Problem to work on
All lines from the one containing "Накладной светильник Maytoni" through the last line of the listing below are to be copied exactly. Exclude the pictures.

--------

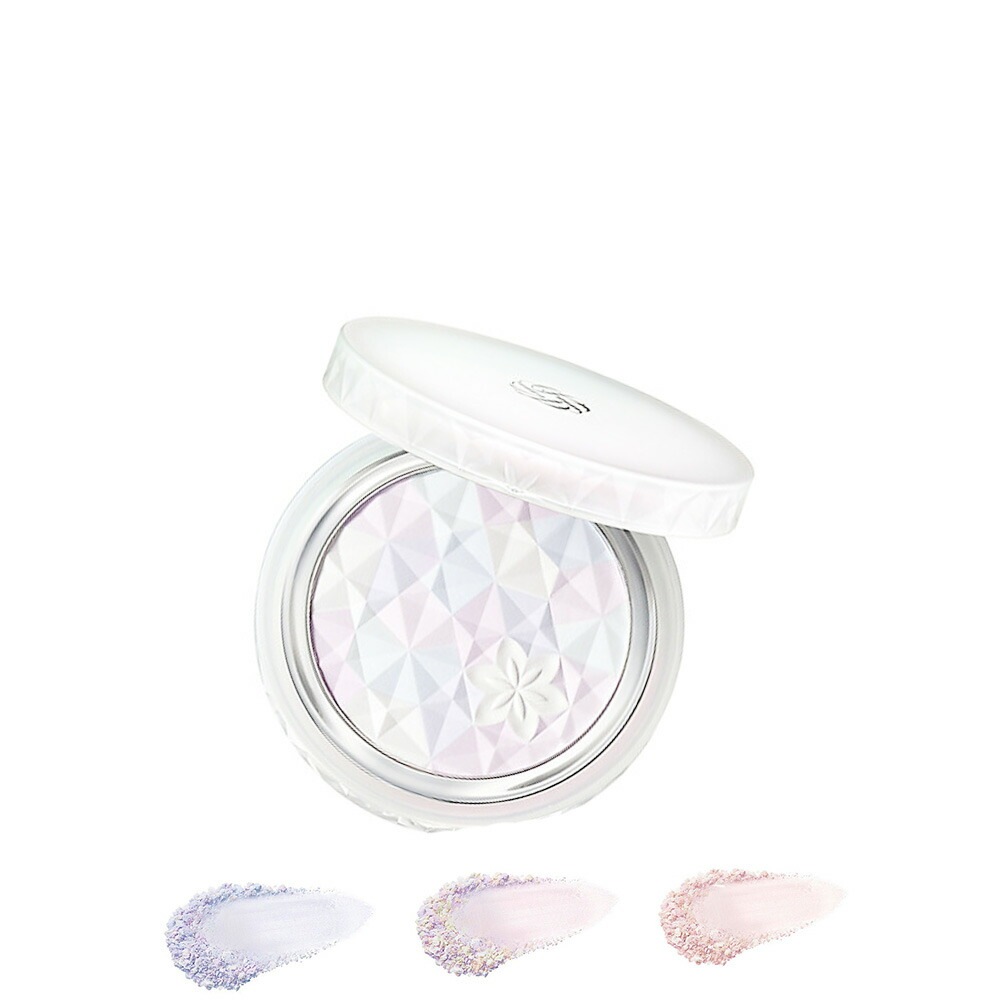 【国内正規品】COSME DECORTE コスメデコルテ ＡＱ　オーラ　リフレクター 10g／プレストパウダー（パフ・ブラシ付）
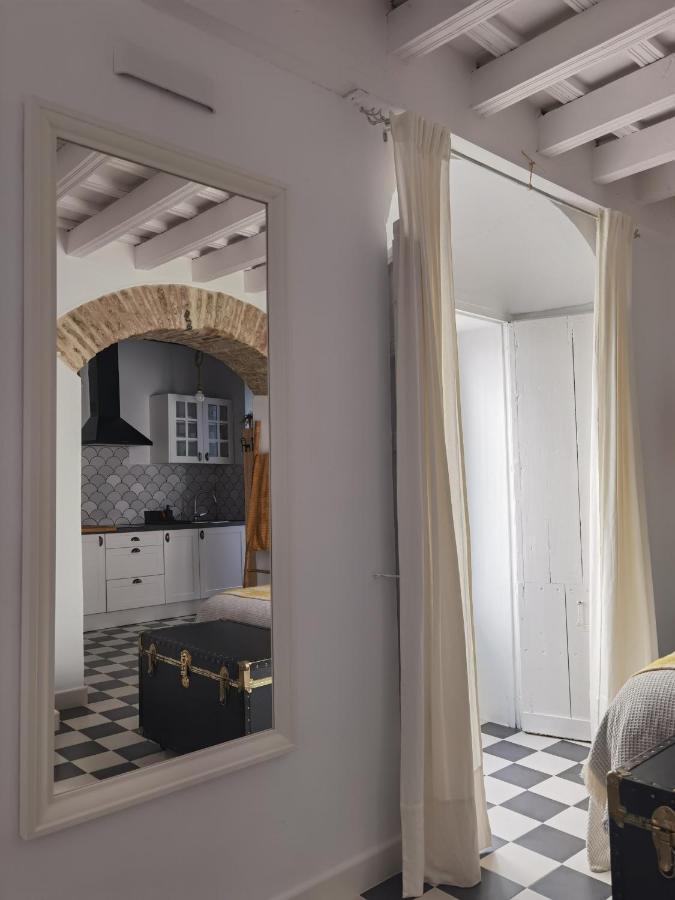 Casa Del Sacramento - Casita Con Encanto Medina-Sidonia Bagian luar foto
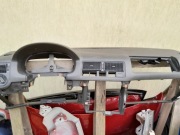 Golf 4 konsola demontaż. 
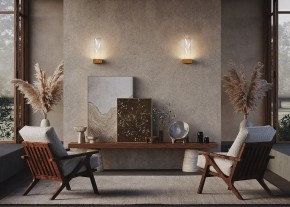 Накладной светильник Maytoni Ornate MOD318WL-L3BS3K в Кургане - kurgan.ok-mebel.com | фото 6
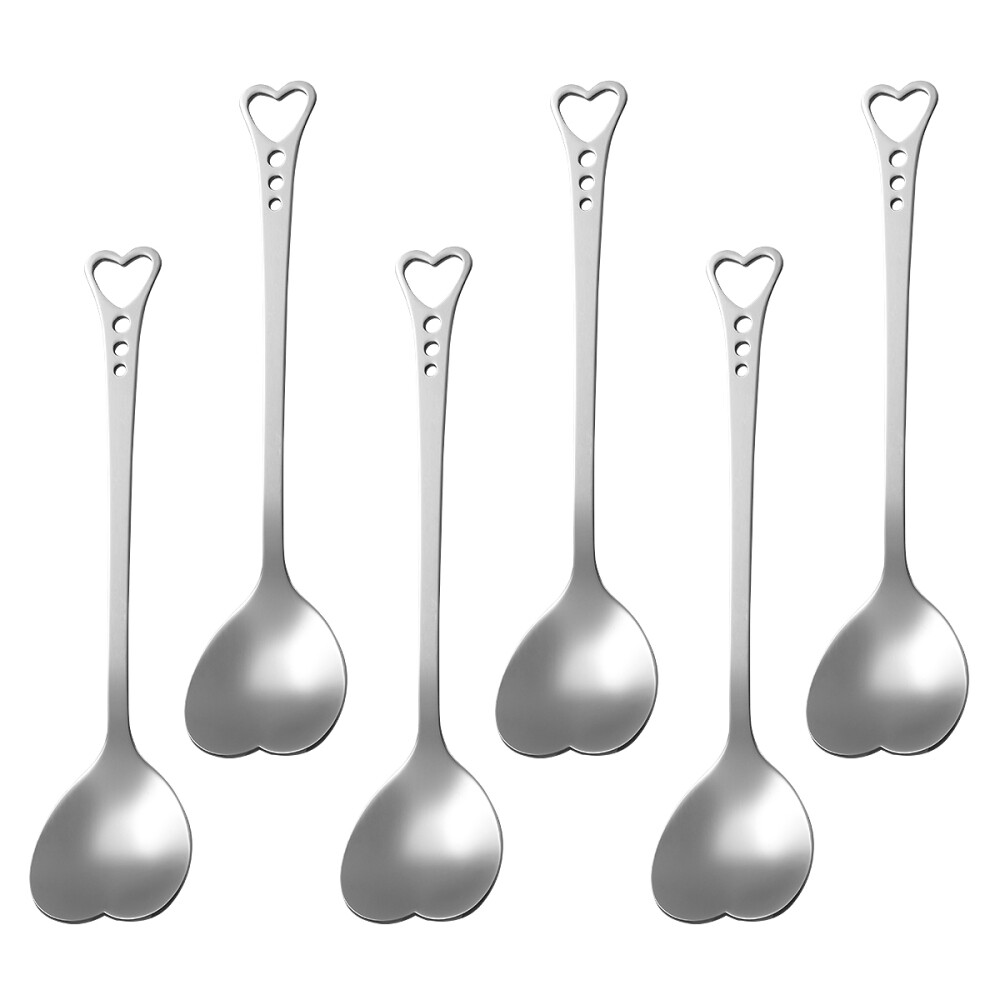 Cucharas de cocina salsa de cocina cucharón regalo dulces bocadillos mezcla portátil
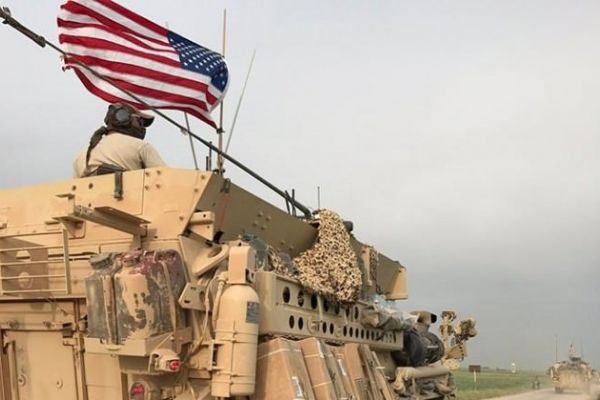 ABD'den PKK/PYD'ye açıklaması!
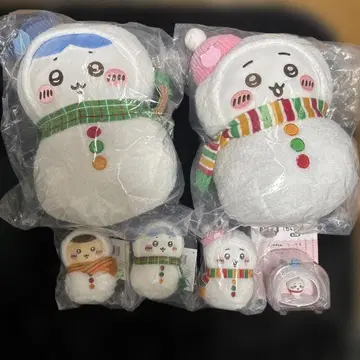 치이카와 에니마이 복권 묶음 판매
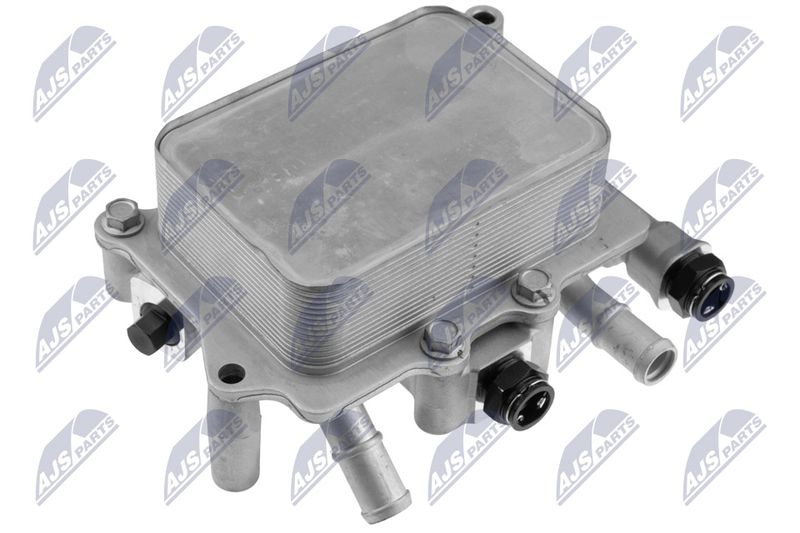 NTY CCL-CH-024 Oil Cooler, automatic transmission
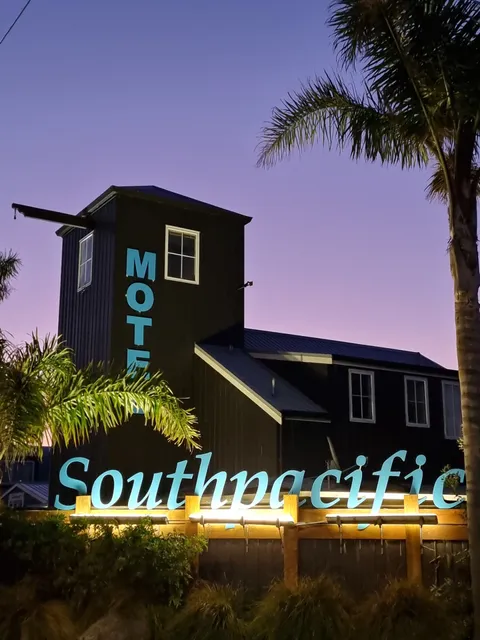 Southpacific Motel & Conference Centre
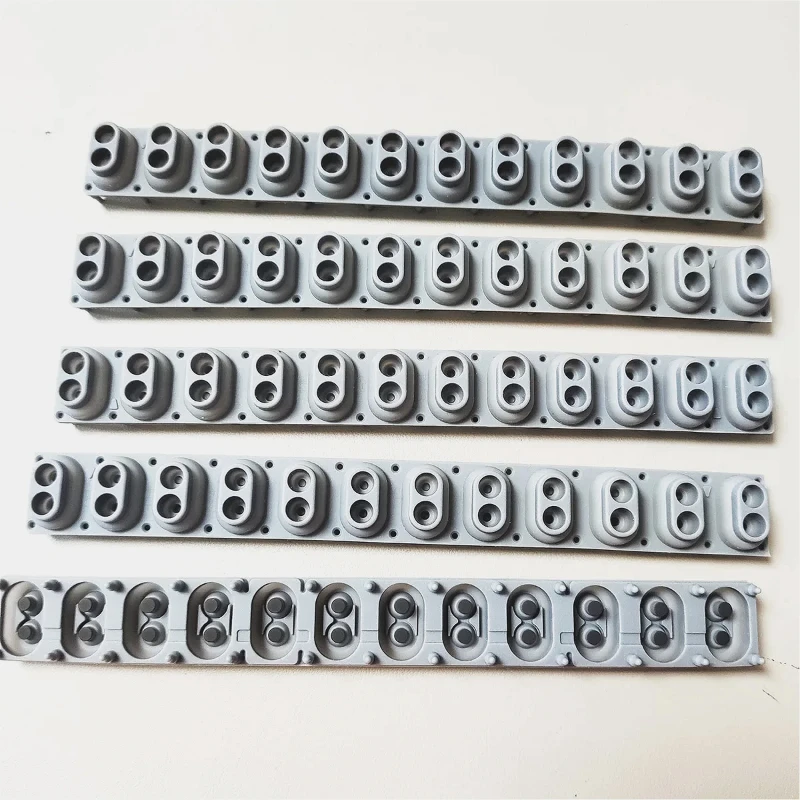 Conductive rubber keypad Strip for Yamaha P35 P45 P48 P-85 P-95 P-105 P-115 P128 KBP-300/500/1000/2000
Conductive rubber keypad Strip for Yamaha P35 P45 P48 P-85 P-95 P-105 P-115 P128 KBP-300/500/1000/2000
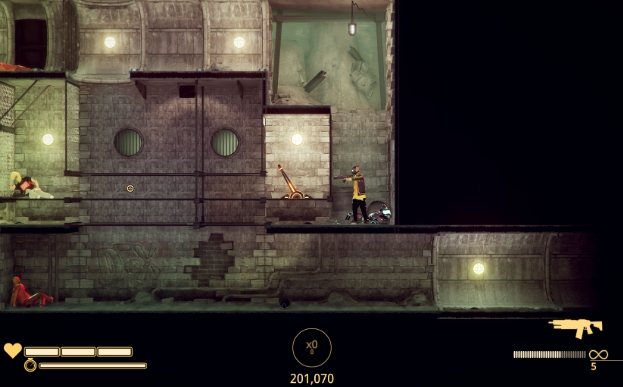 我的朋友佩德罗手机版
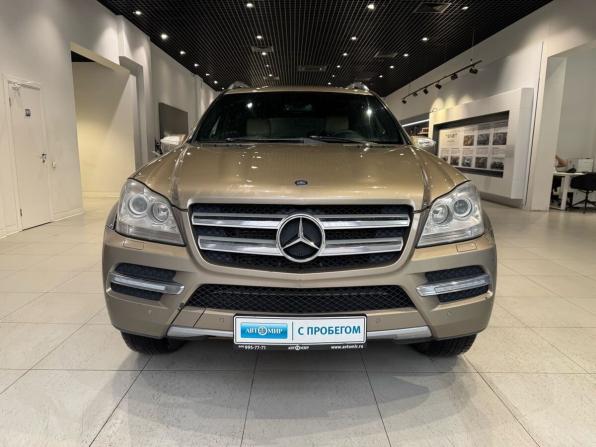 Mercedes-Benz GL-Класс I (X164) Рестайлинг с пробегом 2010 года, цена 1 420 000 рублей, 383969 км, внедорожник, Автокод Объявления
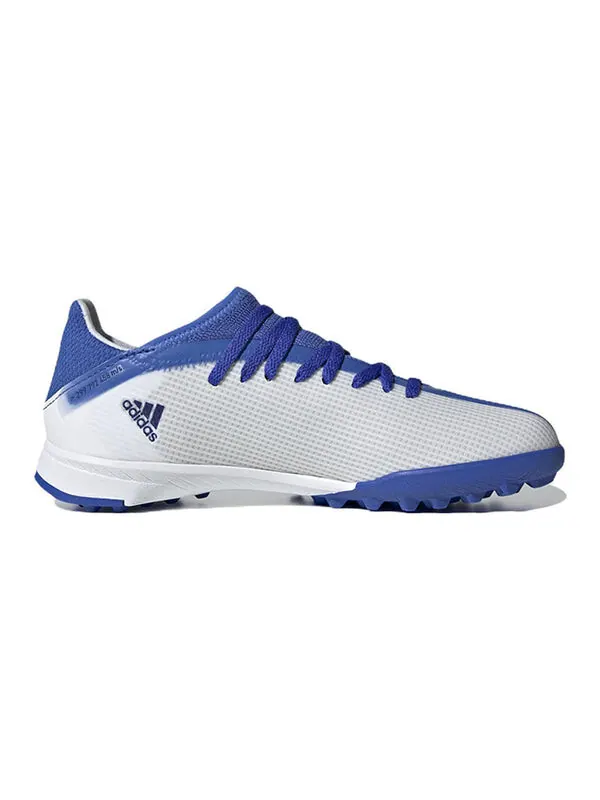 Кроссовки x speedflow.3 tf Adidas — изображение 2 из 4, белый/индиго/-синий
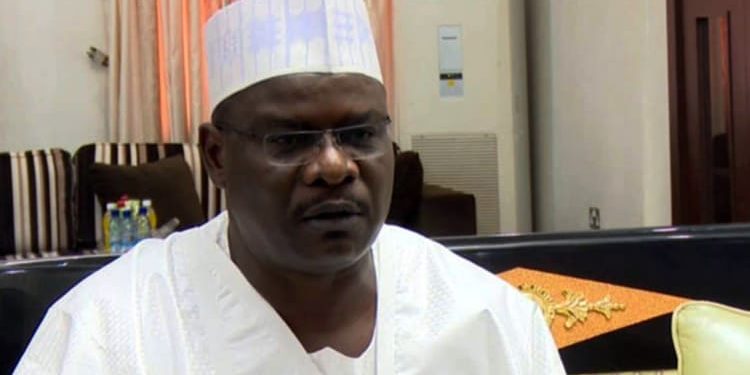 Ndume Sends Message To APC NWC, Speaks On Leaving Party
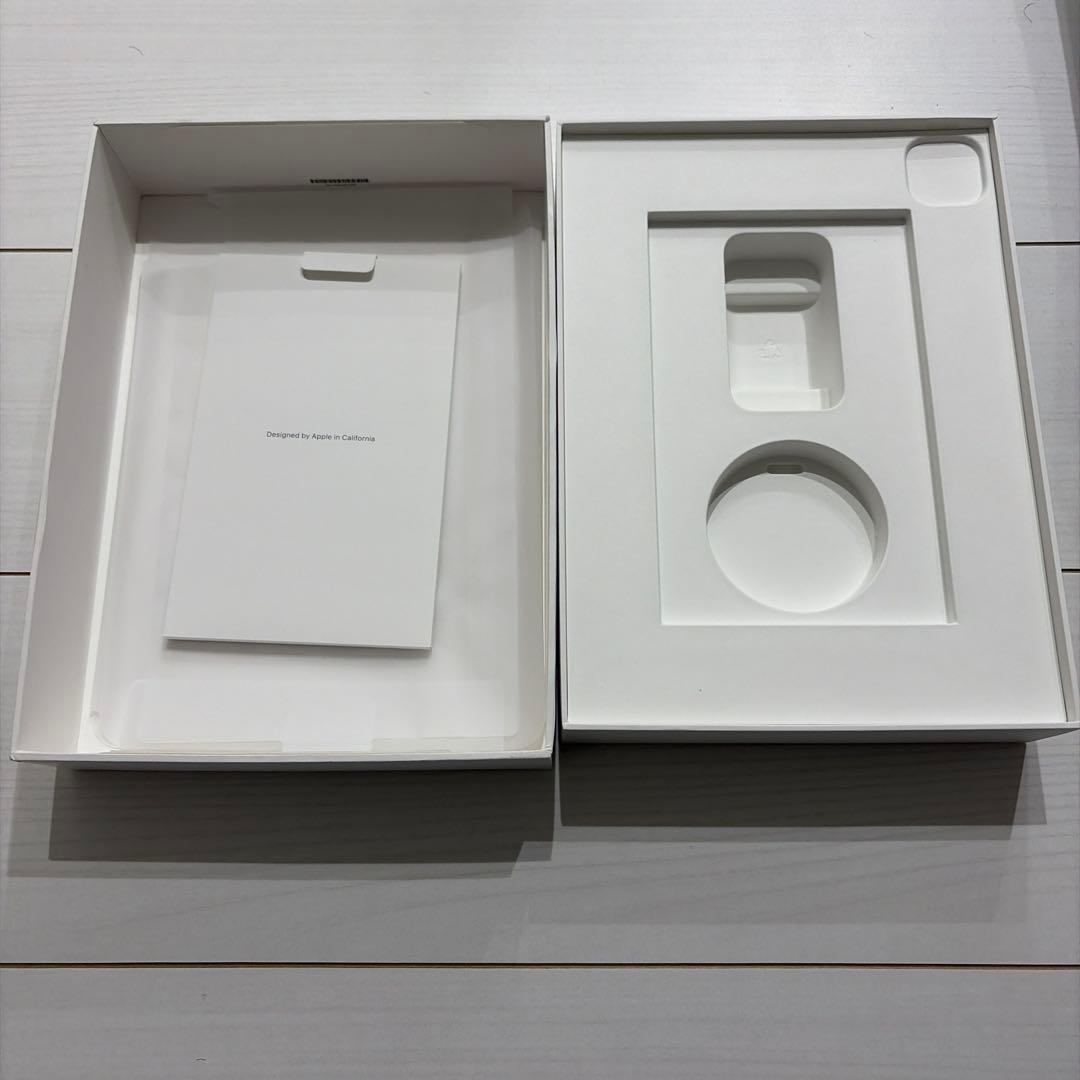 iPad Pro 11インチ 第4世代 256GB シルバー　Wi-Fiモデル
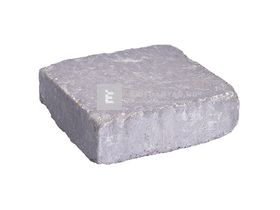 SW Szerencskő térkő szürke 24x24 cm 7 cm SW Szerencskő térkő szürke 24x24 cm 7 cm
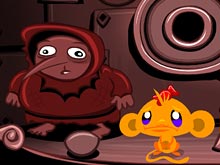 Monkey Go Happy Stage 297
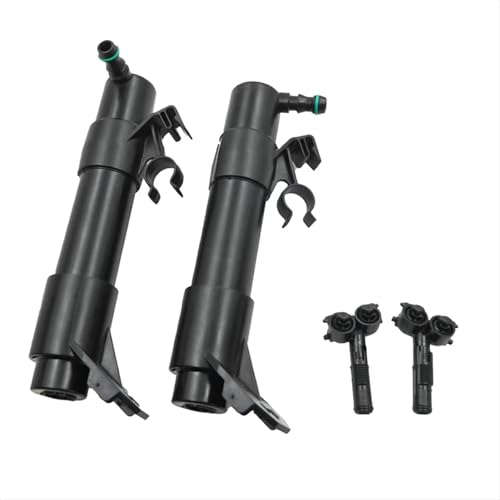 Buse de lave-phares pour Golf 5 (04-09) - Remplacement fiable des références 1K5955979 et 1K5955978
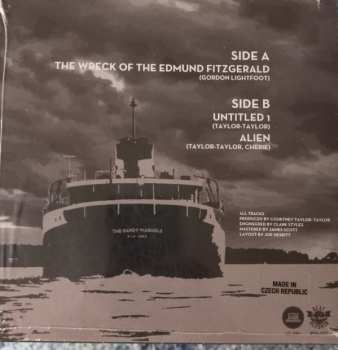SP The Dandy Warhols: The Wreck Of The Edmund Fitzgerald CLR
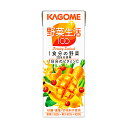 カゴメ野菜生活100フルーティーサラダ 200ml 24本 ...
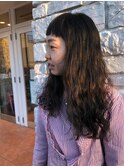 外国人風♪スパイラルパーマ☆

--------

Solution for this task
 Накладной светильник Maytoni Ornate MOD318WL-L3BS3K в Кургане - kurgan.ok-mebel.com | фото 6
 Cucharas de cocina salsa de cocina cucharón regalo dulces bocadillos mezcla portátil
 ABD'den PKK/PYD'ye açıklaması!
 치이카와 에니마이 복권 묶음 판매
 NTY CCL-CH-024 Oil Cooler, automatic transmission
 Southpacific Motel & Conference Centre
 Conductive rubber keypad Strip for Yamaha P35 P45 P48 P-85 P-95 P-105 P-115 P128 KBP-300/500/1000/2000
Conductive rubber keypad Strip for Yamaha P35 P45 P48 P-85 P-95 P-105 P-115 P128 KBP-300/500/1000/2000
 我的朋友佩德罗手机版
 Mercedes-Benz GL-Класс I (X164) Рестайлинг с пробегом 2010 года, цена 1 420 000 рублей, 383969 км, внедорожник, Автокод Объявления
 Кроссовки x speedflow.3 tf Adidas — изображение 2 из 4, белый/индиго/-синий
 Ndume Sends Message To APC NWC, Speaks On Leaving Party
 iPad Pro 11インチ 第4世代 256GB シルバー　Wi-Fiモデル
 SW Szerencskő térkő szürke 24x24 cm 7 cm SW Szerencskő térkő szürke 24x24 cm 7 cm
 Monkey Go Happy Stage 297
 Buse de lave-phares pour Golf 5 (04-09) - Remplacement fiable des références 1K5955979 et 1K5955978
SP The Dandy Warhols: The Wreck Of The Edmund Fitzgerald CLR
 カゴメ野菜生活100フルーティーサラダ 200ml 24本 ...
 外国人風♪スパイラルパーマ☆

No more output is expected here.